• _BRIEF_:
The answer should hold only the lines from the one containing "LaCrosse Alpha Lite" through the one containing "(2) Handlebars: Giant" in the entries below, copied exactly, without pictures.

• _EXTRACTED DATA_:
----------

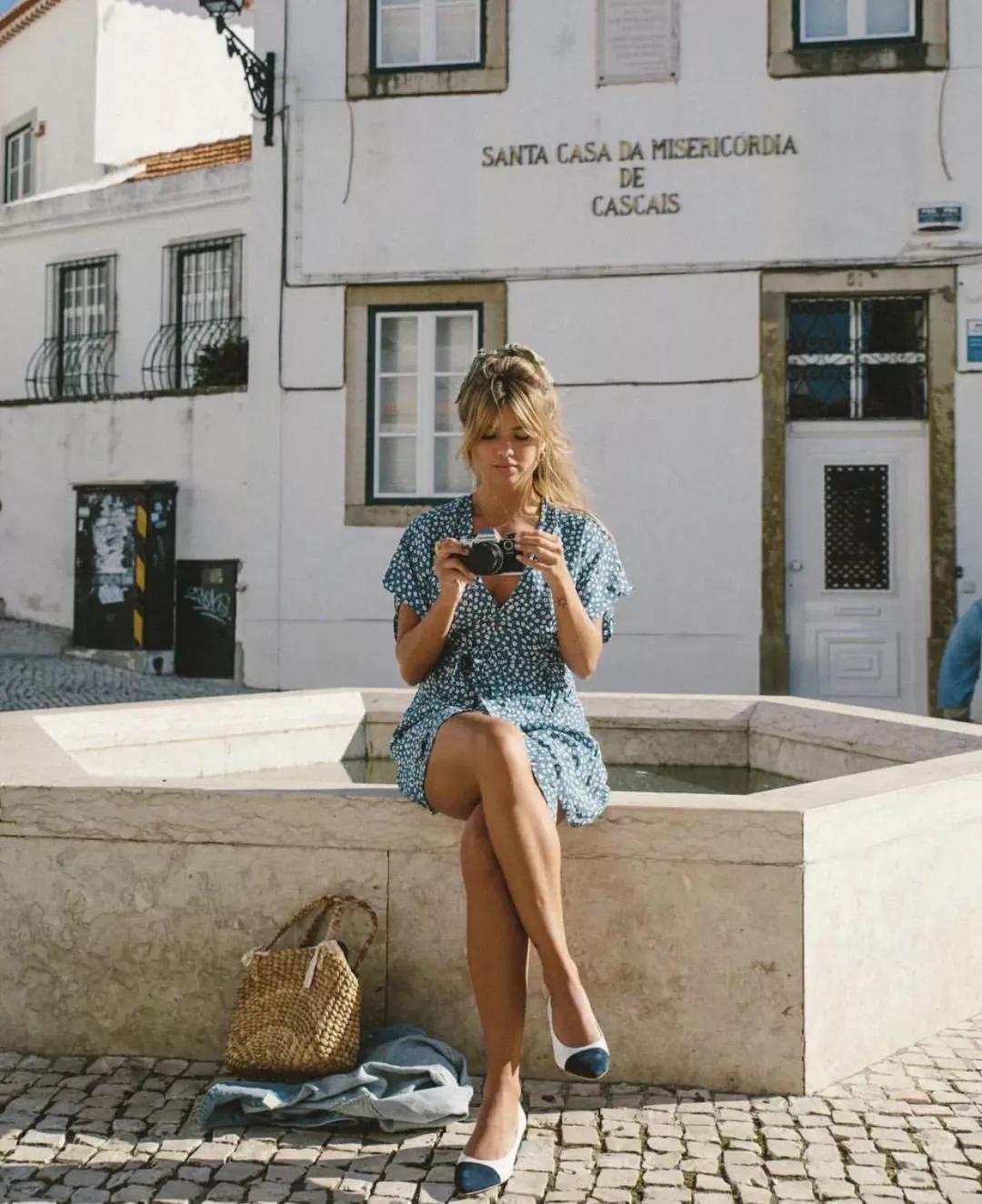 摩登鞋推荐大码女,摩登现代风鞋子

----------

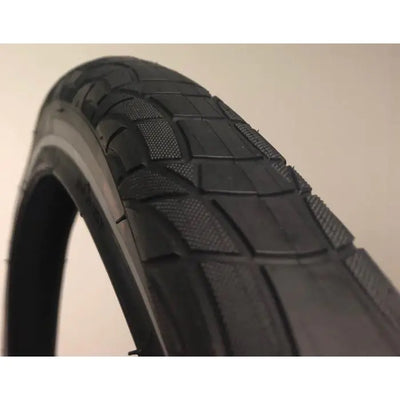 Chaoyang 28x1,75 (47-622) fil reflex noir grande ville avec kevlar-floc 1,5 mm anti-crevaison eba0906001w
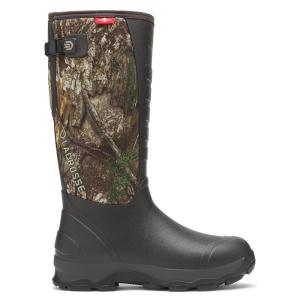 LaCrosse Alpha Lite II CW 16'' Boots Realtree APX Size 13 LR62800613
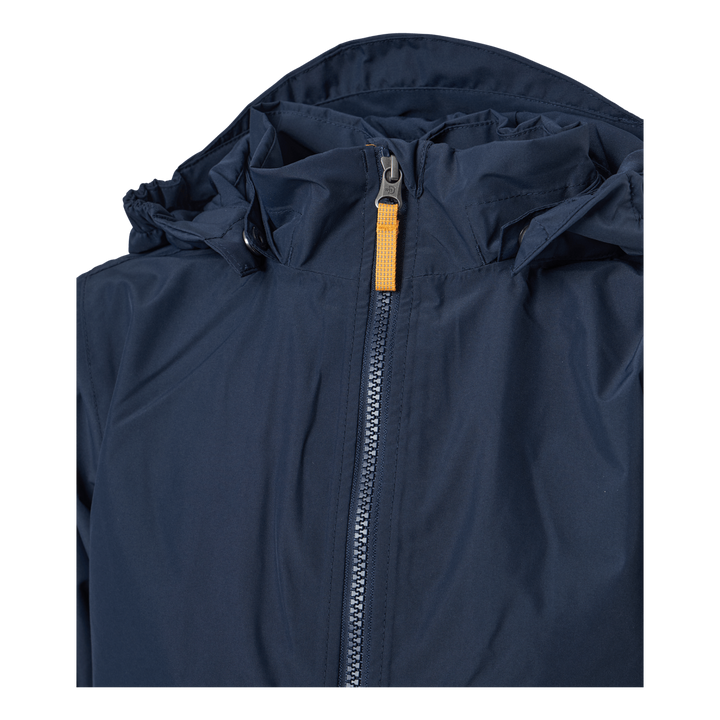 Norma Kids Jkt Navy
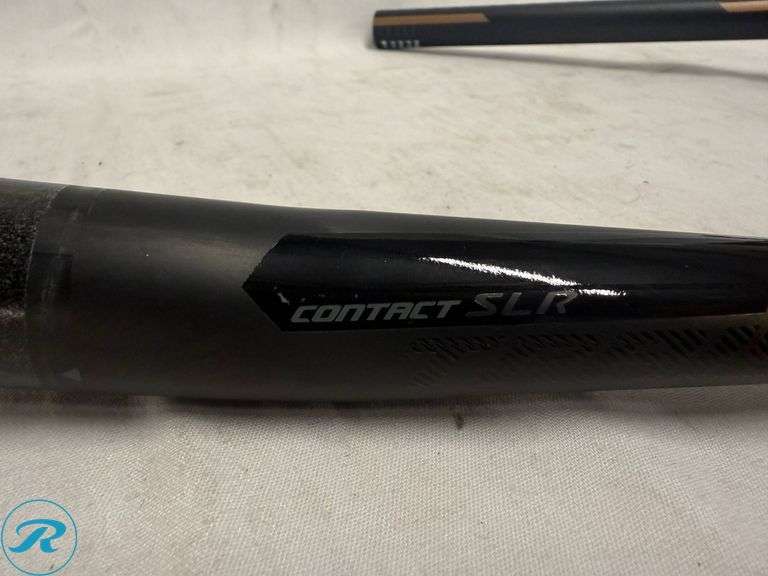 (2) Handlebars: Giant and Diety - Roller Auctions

----------

• _RESPONSE_:
 LaCrosse Alpha Lite II CW 16'' Boots Realtree APX Size 13 LR62800613
 Norma Kids Jkt Navy
 (2) Handlebars: Giant and Diety - Roller Auctions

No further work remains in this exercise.